First, it is no longer possible to have a “private conversation.”  Religious discourse used to take place in relatively bounded contexts.  There could be conversations “inside” that were kept from those “outside.”  And conversations today transcend vast geographic spaces.  This was true of the so-called “cartoon controversy” six years ago.  The video fragment that keeps getting mentioned in discussions of today’s events might once have only been seen close to home.  Now it can be uploaded, subtitled, and circulated to precisely those places where it would cause the most offense.  In fact, that seems to have been the thinly-veiled intention all along.

This leads to a second point, that today’s digital technology has substantially lowered the barriers to production and distribution of visual material.  Something can be made on the very cheap and quickly circulated. 

Third, digital technology also means that anyone can be a producer or distributor.  What we in the West might think of as amateurish production values nonetheless can be coded as a “film” in commentary and reaction to it elsewhere.  Further, in the countries where these events are taking place, until recently no production, no matter how trivial, would have gotten made or distributed without governmental approval or involvement. So this video can achieve the status of “film” (even though there is apparently only a “trailer” available) and people in the region can assume it was produced with tacit or direct support of the US government or someone in power somewhere.

This relates to the fourth point, that the media frame is now the definitive frame for legitimation in public discourse globally, and projection of images into that frame is now a central condition of power, cultural ascendancy, and identity politics.  Islam’s representation in that frame matters.

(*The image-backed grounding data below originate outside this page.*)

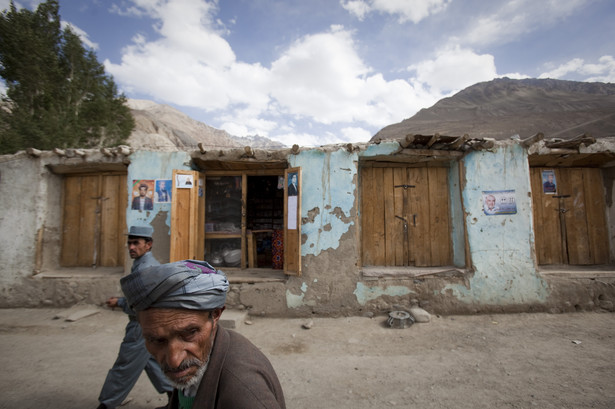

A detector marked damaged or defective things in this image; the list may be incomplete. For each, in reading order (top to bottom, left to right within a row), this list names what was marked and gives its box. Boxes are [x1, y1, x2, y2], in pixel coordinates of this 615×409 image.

peeling blue paint [292, 148, 356, 255]
peeling blue paint [352, 282, 414, 304]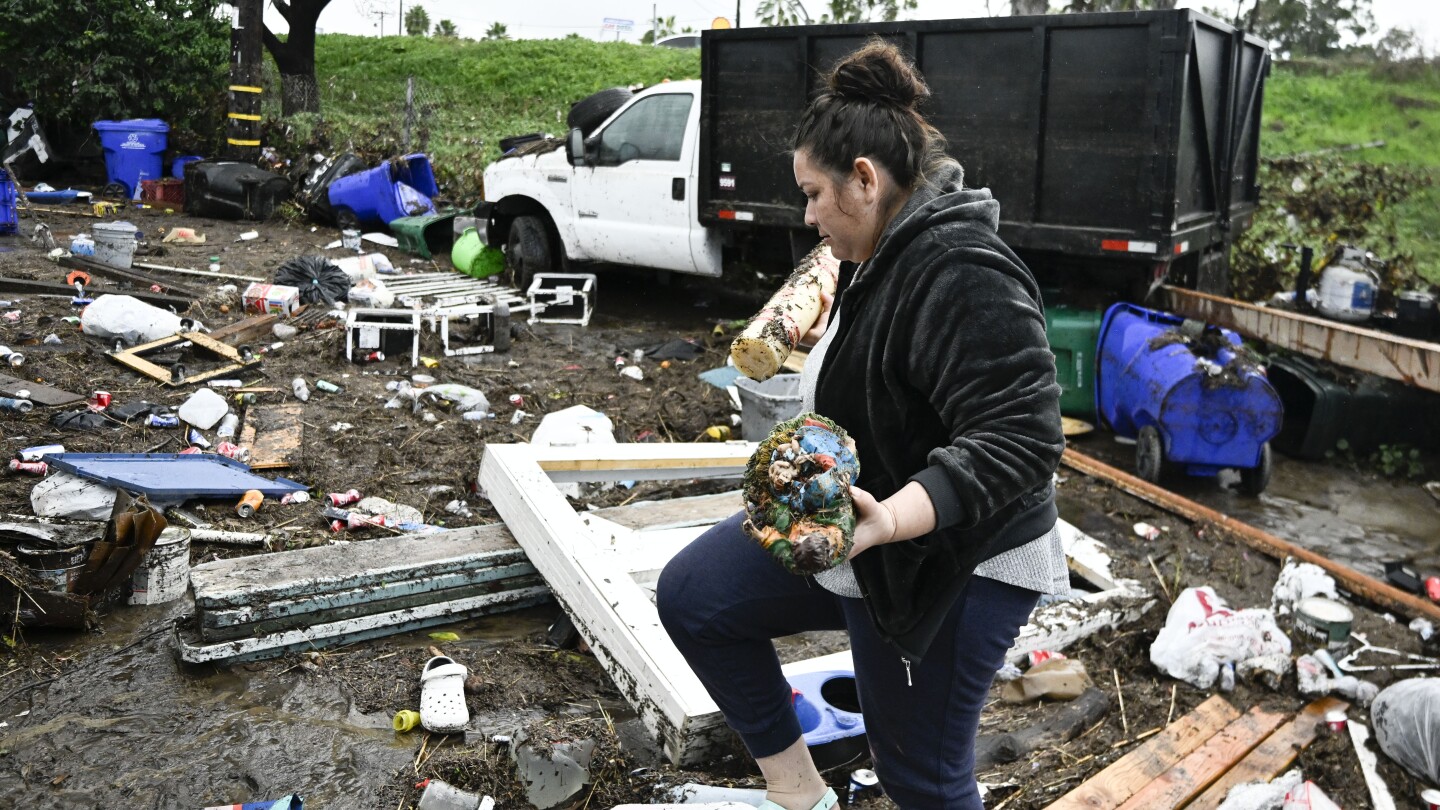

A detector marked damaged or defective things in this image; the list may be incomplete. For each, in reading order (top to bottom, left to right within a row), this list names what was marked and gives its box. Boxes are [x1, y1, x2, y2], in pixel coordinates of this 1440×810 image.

rusty metal rail [1163, 285, 1434, 392]
rusty metal rail [1059, 443, 1440, 619]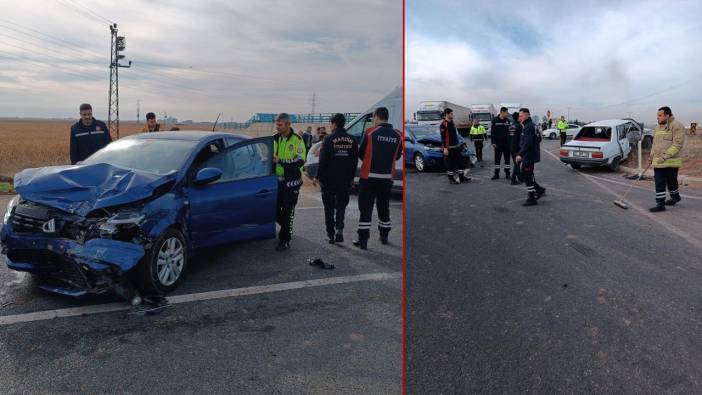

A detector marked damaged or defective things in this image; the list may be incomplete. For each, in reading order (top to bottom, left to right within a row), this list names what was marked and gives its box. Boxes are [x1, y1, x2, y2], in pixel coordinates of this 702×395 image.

crushed front end of blue car [0, 162, 180, 302]
blue damaged car [0, 131, 280, 302]
blue damaged car [404, 124, 476, 172]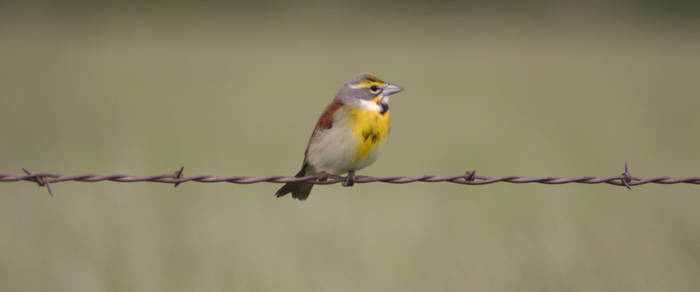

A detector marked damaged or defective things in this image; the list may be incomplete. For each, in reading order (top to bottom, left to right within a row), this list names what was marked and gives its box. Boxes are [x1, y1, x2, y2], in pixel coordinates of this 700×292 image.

rusty wire [1, 162, 700, 196]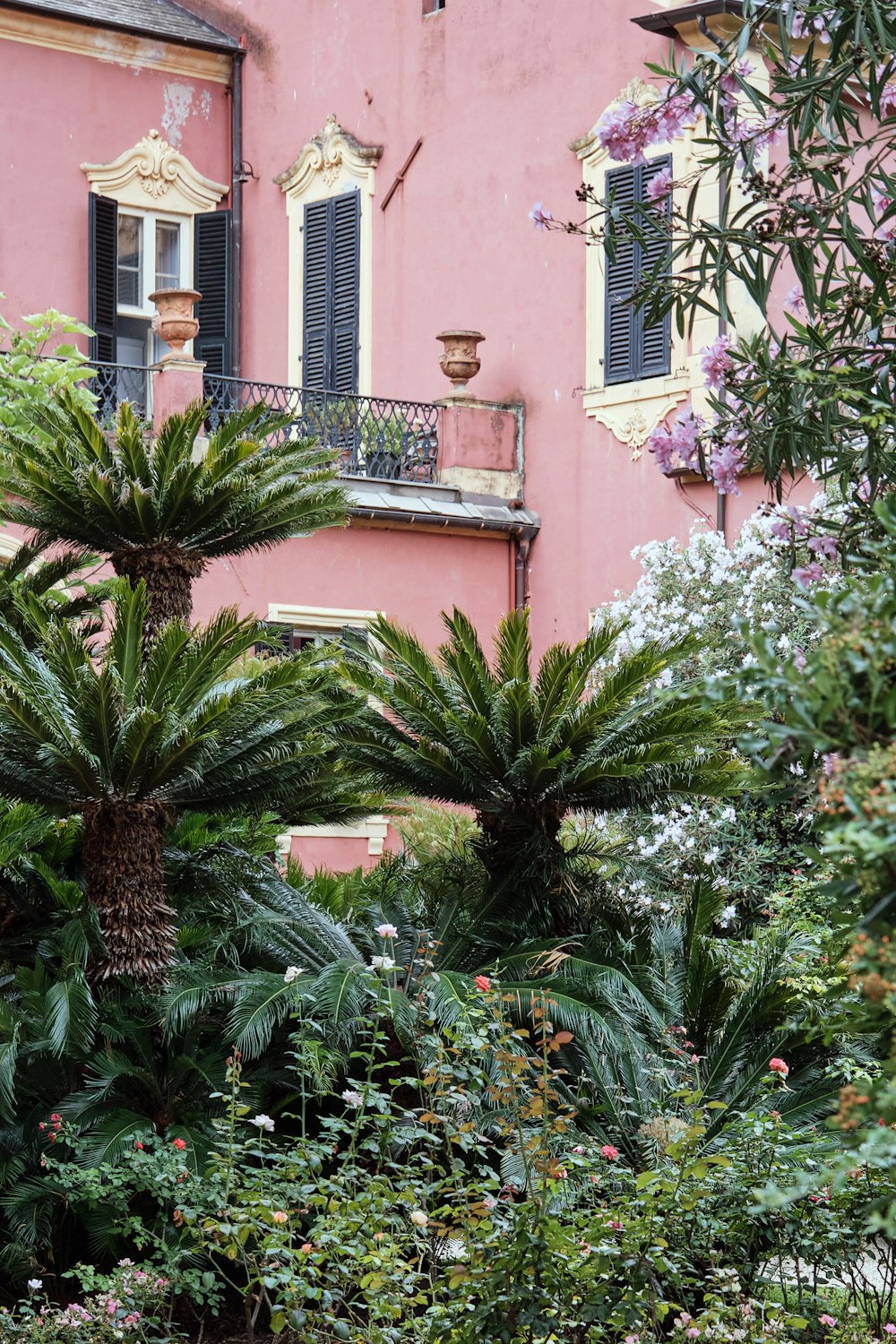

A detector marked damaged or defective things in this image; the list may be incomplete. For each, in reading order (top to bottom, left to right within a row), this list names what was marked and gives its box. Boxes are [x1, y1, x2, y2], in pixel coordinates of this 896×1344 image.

peeling paint on wall [161, 81, 194, 147]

This leads to the fifth point–the particular problem of the mediation of religion.  Religions vary in their understanding of mediation and appropriate kinds and methods of mediation. Islam is widely known to possess a particular sensibility and sensitivity about realist depiction.  Metaphor is fine, natural imagery is fine, but religion  is diminished when it or its history are depicted.  Thus, the mediation of religion today, when mediation is at the center of global interactions, is of fundamental import.

Sixth, contemporary practices of mediation and circulation carry with them the imprimatur of empowerment.  The broad circulation of cultural materials and the exposure and framing of cultural institutions globally mean that we are encouraged to think of ourselves as involved, even complicit, in these interactions.  What were once merely audiences are today more active the making of meanings, and their reactions to circulated meanings are also quite different than in the past.